Tracey Herald, Head of Corporate Responsibility & Sustainability at O2, said: “Our number one priority is keeping customers connected, but that cannot be at the expense of the environment. Data centre cooling is a great example: the more data we use, the hotter the centres can become. Historically networks have relied on air con, but the UK has plenty of fresh, cold air that does the same job – so we’re getting rid of old kit and using energy in a smarter way. Investing in upgrading our network will help us hit our efficiency targets as we head towards net zero by 2025 – without compromising on the service we provide.”

Dean Boyle, CEO at EkkoSense, said: “We’re delighted that O2 chose EkkoSense to help them cool their data centres more efficiently and deliver energy savings at a time when demands on their critical facilities have never been so intense. Our software’s ability to capture and analyse O2’s critical power, space and cooling information in real-time gives their data centre team access to much more powerful optimisation capabilities, as they progress towards net zero.”

Turning masts on snooze mode and running on renewables – a greener network

O2 is investing more than ever in its network to improve coverage and experience for all its customers across the UK, matching growing demand with its industry-leading green ambitions. Introducing various energy-efficiency enhancements (such as free air-cooling and advanced automation, that “switches off” technology on its networks when demand is low) is one of the reasons O2’s network is now around 82% more energy efficient than it was in 2015.[5]

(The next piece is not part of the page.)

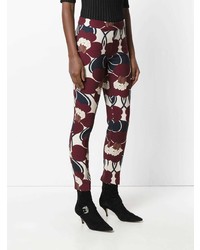 P.A.R.O.S.H. Skinny Floral Print Trousers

O2’s operations are powered by 100% renewable electricity wherever O2 directly controls the bill.[6] After starting its renewable energy procurement in 2008, the operator has since invested approximately £400 million in renewable energy supply and is now going even further, working with landlords to encourage the switch to renewables on third-party sites where O2 doesn’t control the energy bill.[7] Currently, 70% of O2’s total estate is powered on renewable energy sources.[8]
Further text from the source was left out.